> **Activity**: Below, find the line containing "3125 Village Trl APT 214, Hastings, MN 55033" and the line containing "Los interesados deben"; reproduce exactly those two and every line between them, omitting pictures.

> **Working data**:
⁂

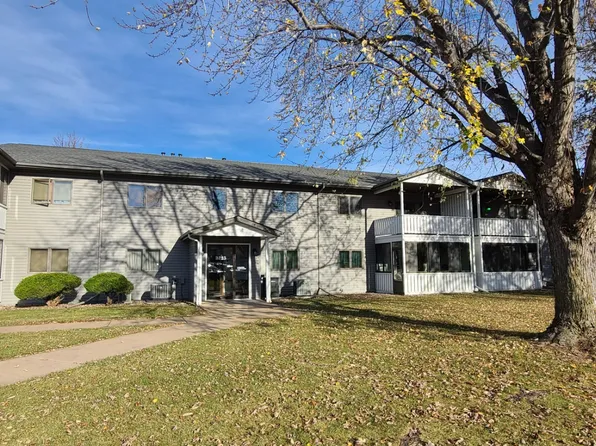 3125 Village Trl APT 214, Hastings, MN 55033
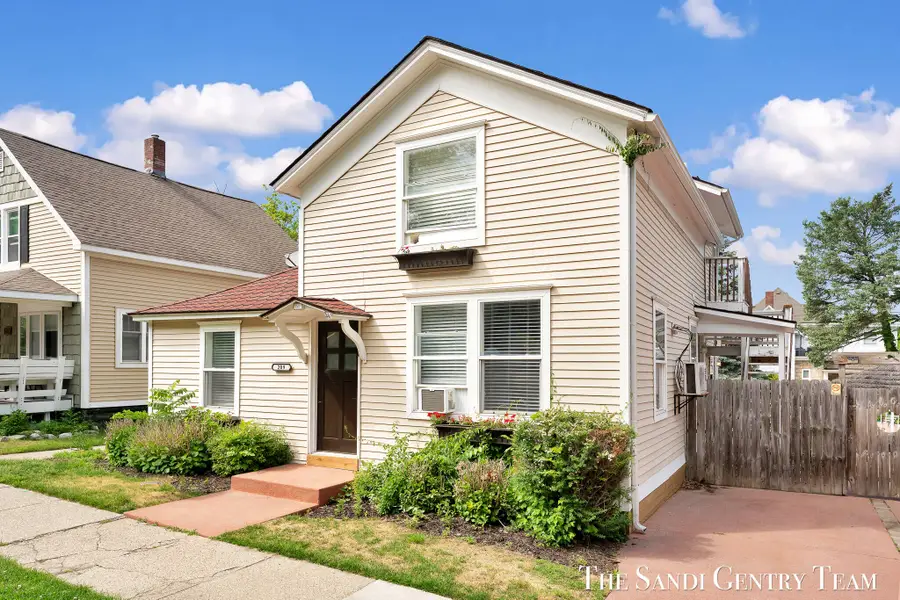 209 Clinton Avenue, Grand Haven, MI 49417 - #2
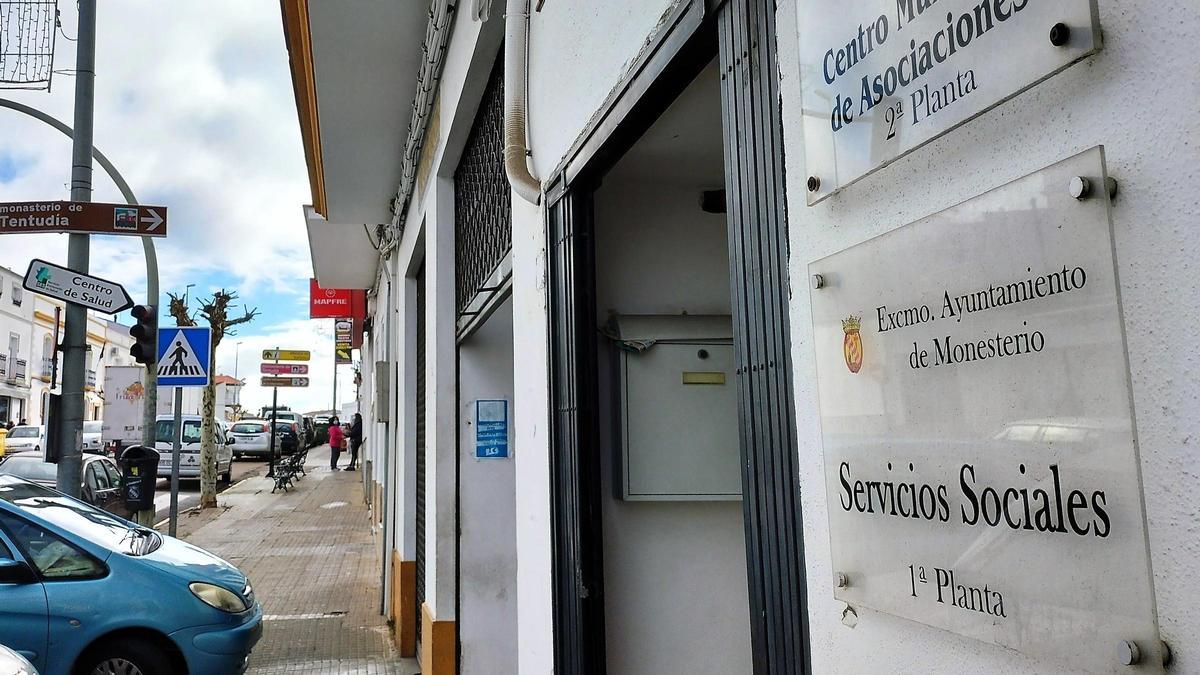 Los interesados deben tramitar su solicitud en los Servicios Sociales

⁂

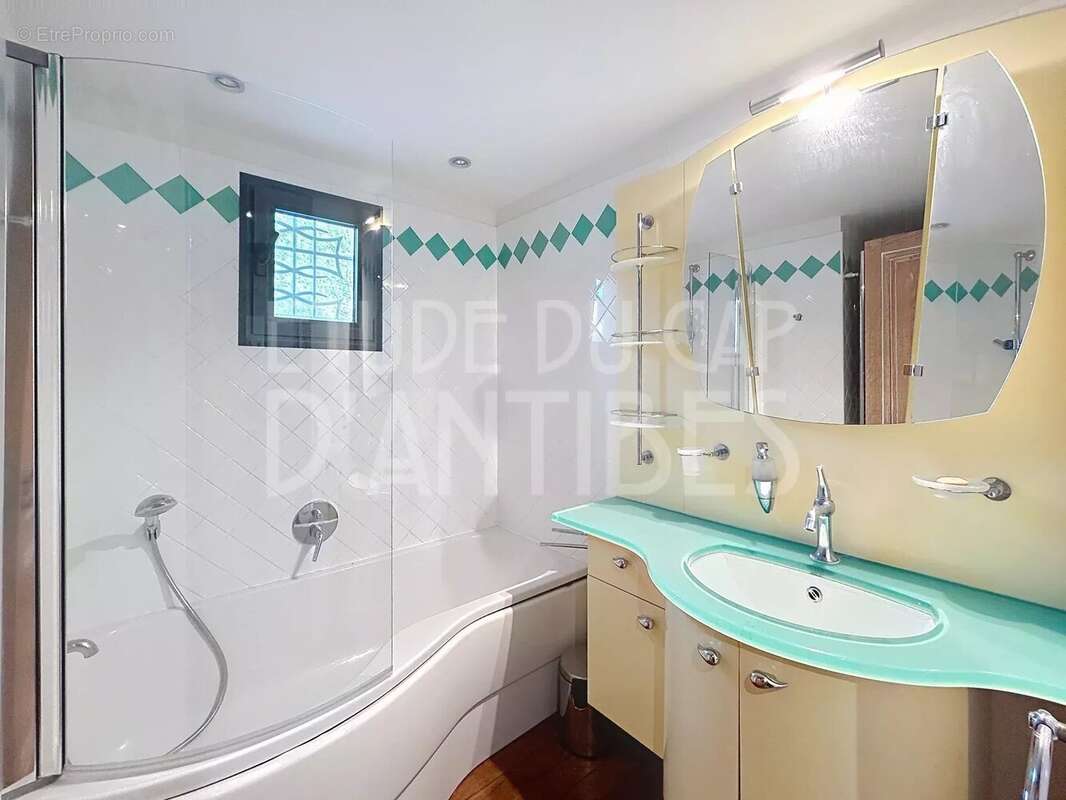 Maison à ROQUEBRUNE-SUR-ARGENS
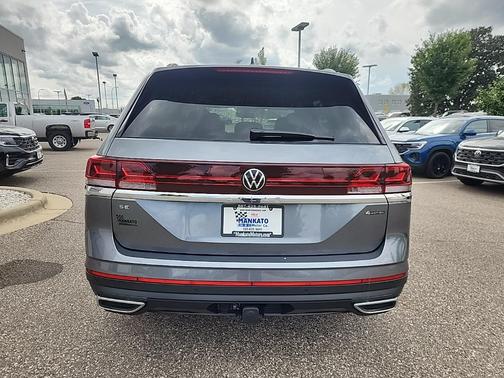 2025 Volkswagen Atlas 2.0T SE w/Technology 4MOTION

⁂

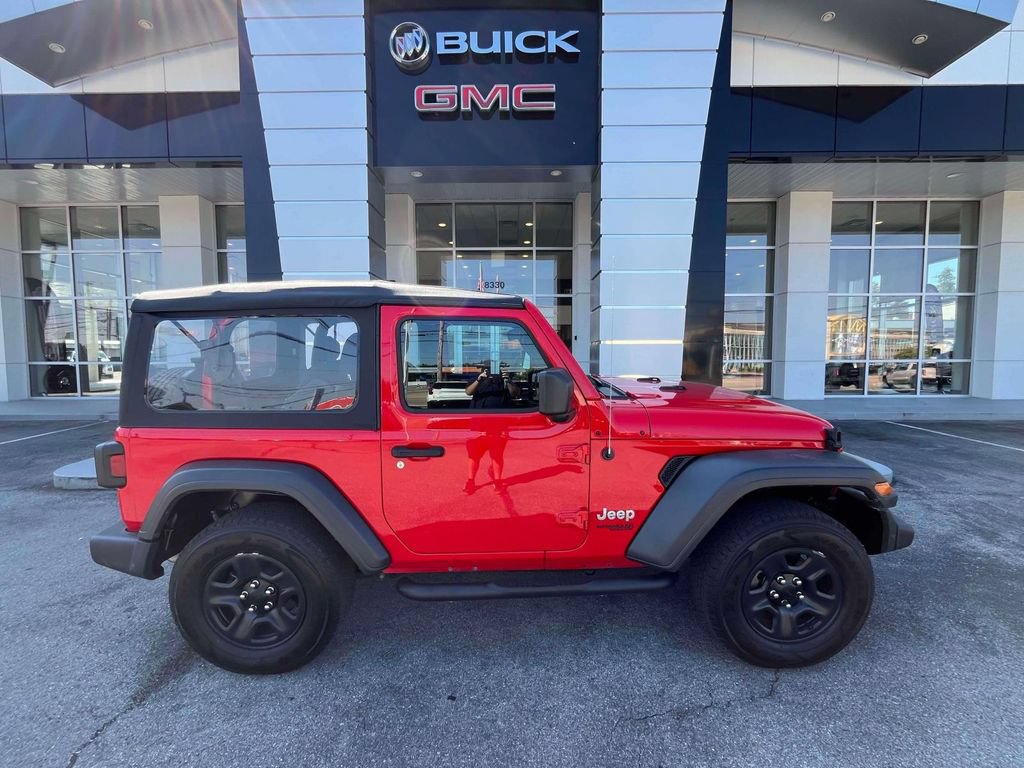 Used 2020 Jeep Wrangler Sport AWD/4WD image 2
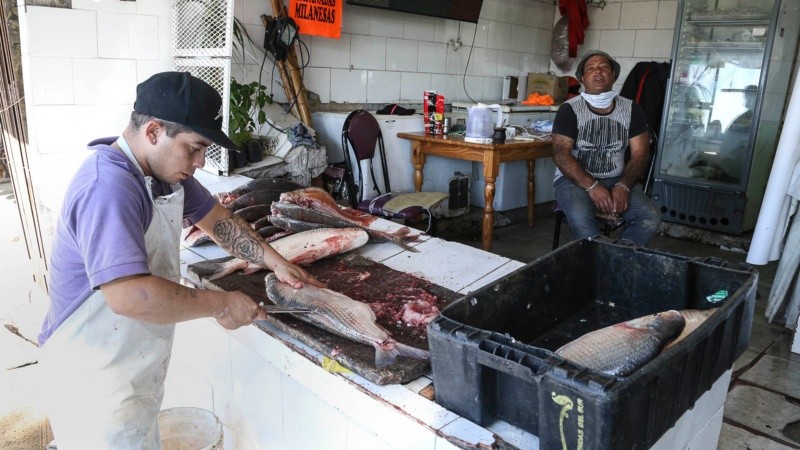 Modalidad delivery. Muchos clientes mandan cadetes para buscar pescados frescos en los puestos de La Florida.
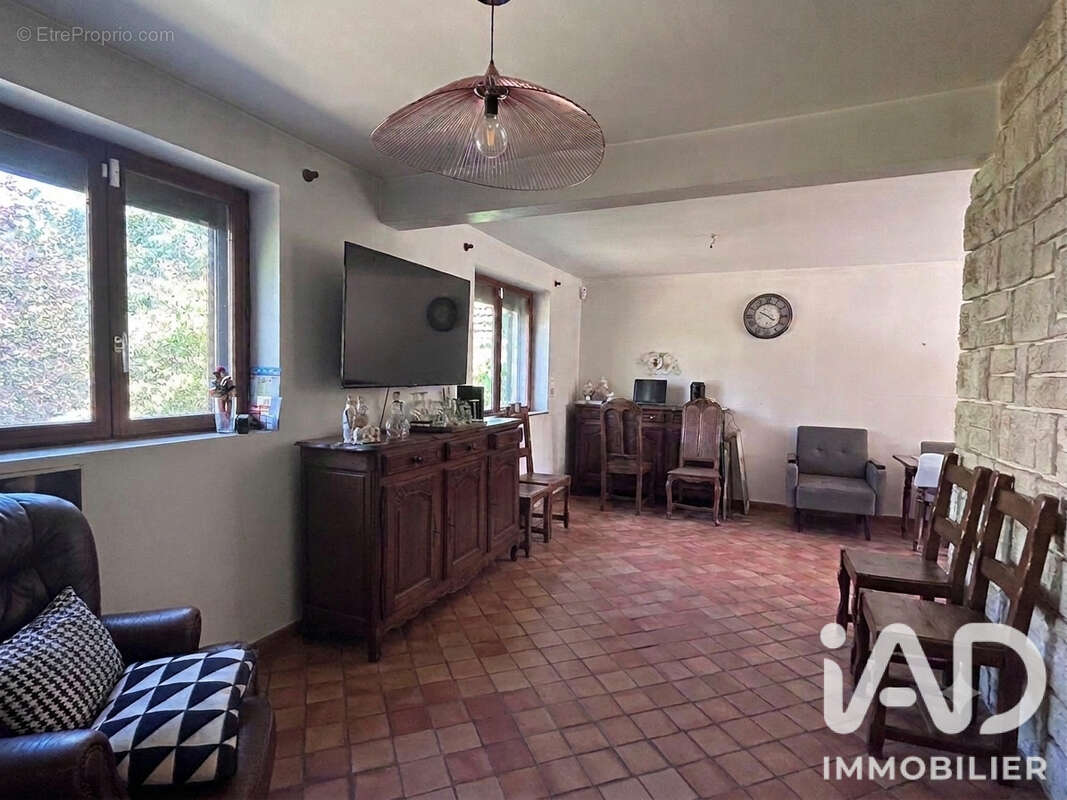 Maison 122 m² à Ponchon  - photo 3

⁂

> **Output of the task**:
 3125 Village Trl APT 214, Hastings, MN 55033
 209 Clinton Avenue, Grand Haven, MI 49417 - #2
 Los interesados deben tramitar su solicitud en los Servicios Sociales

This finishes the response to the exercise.